Information shown —
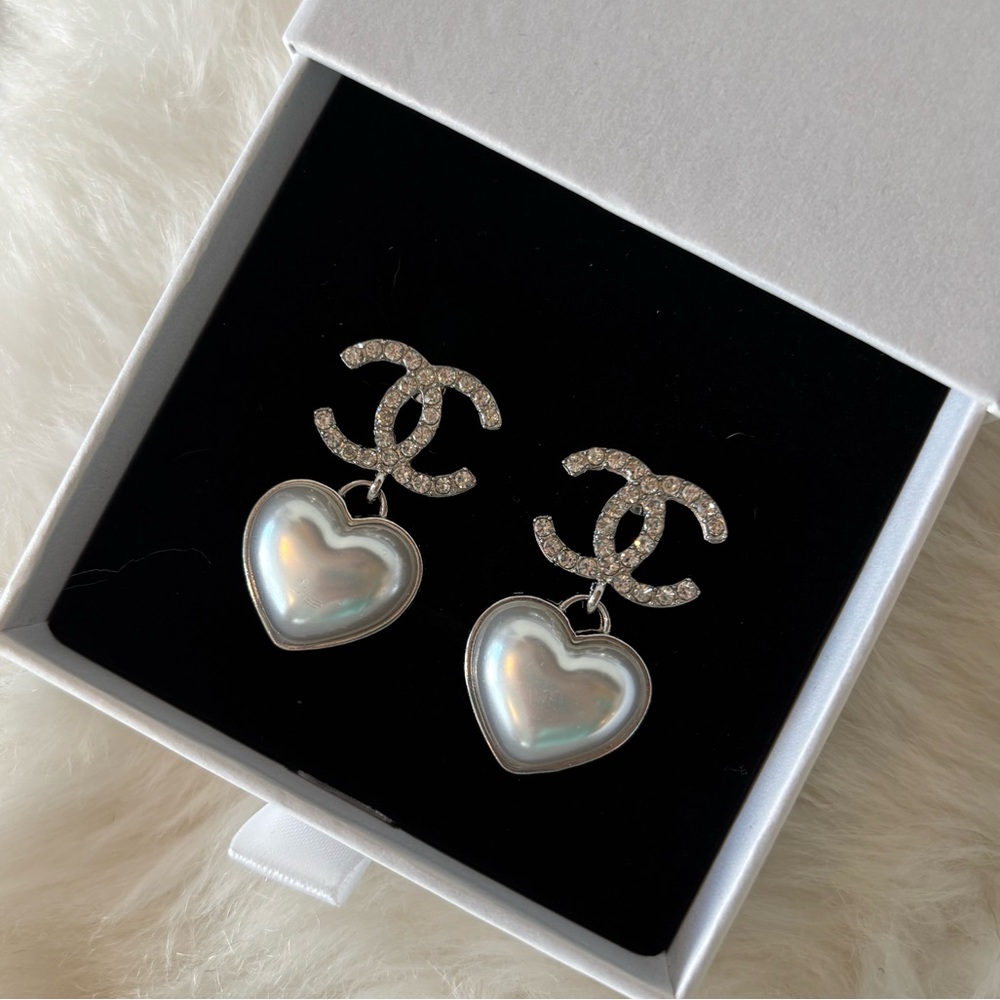 Fashion C Heart Drop Earrings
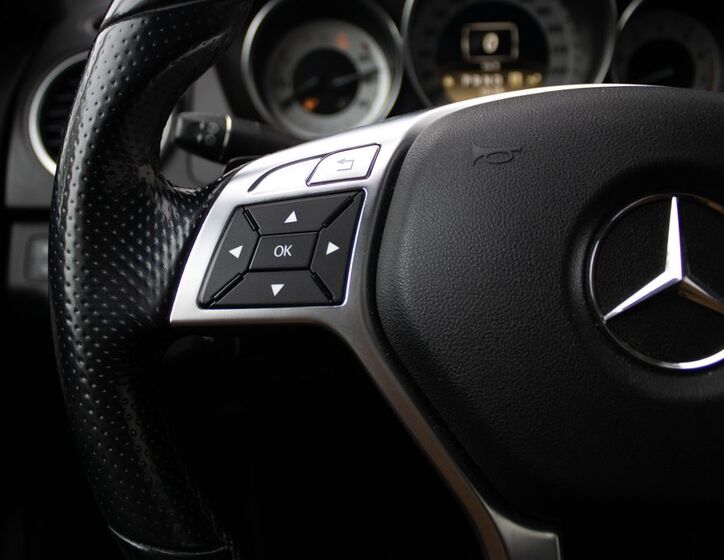 Mercedes-Benz Třídy C 12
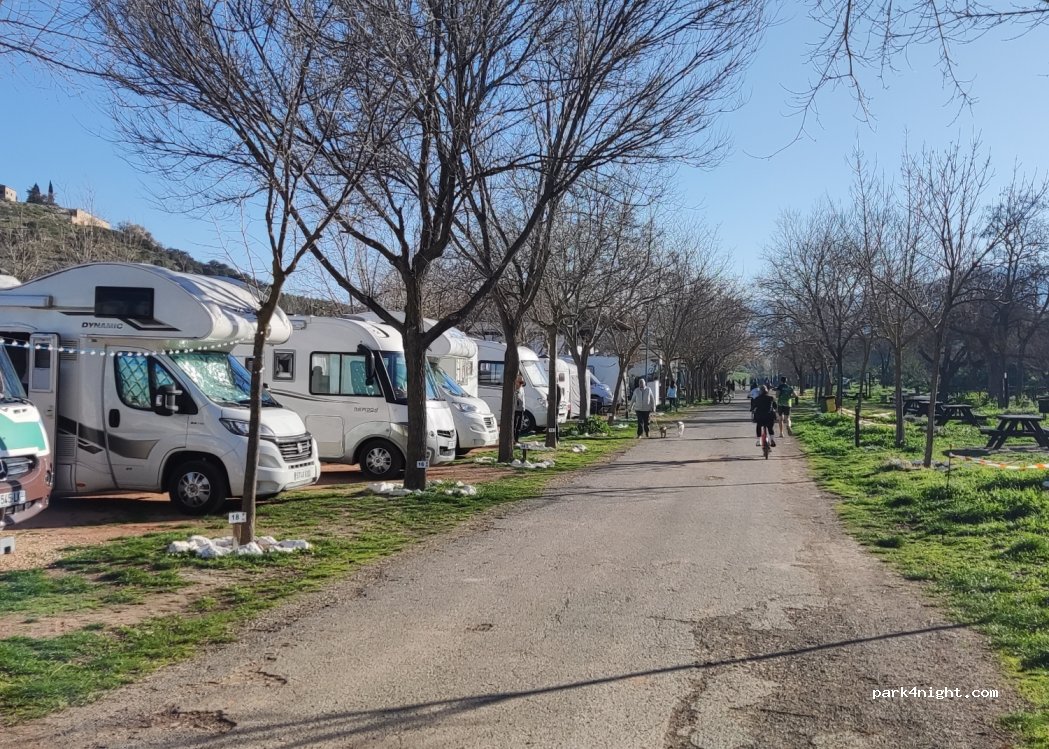 Area Autocaravanas — foto 5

What to work on —
Leave out the pictures and return the listing exactly.

Exercise result —
 Fashion C Heart Drop Earrings
 Mercedes-Benz Třídy C 12
 Area Autocaravanas — foto 5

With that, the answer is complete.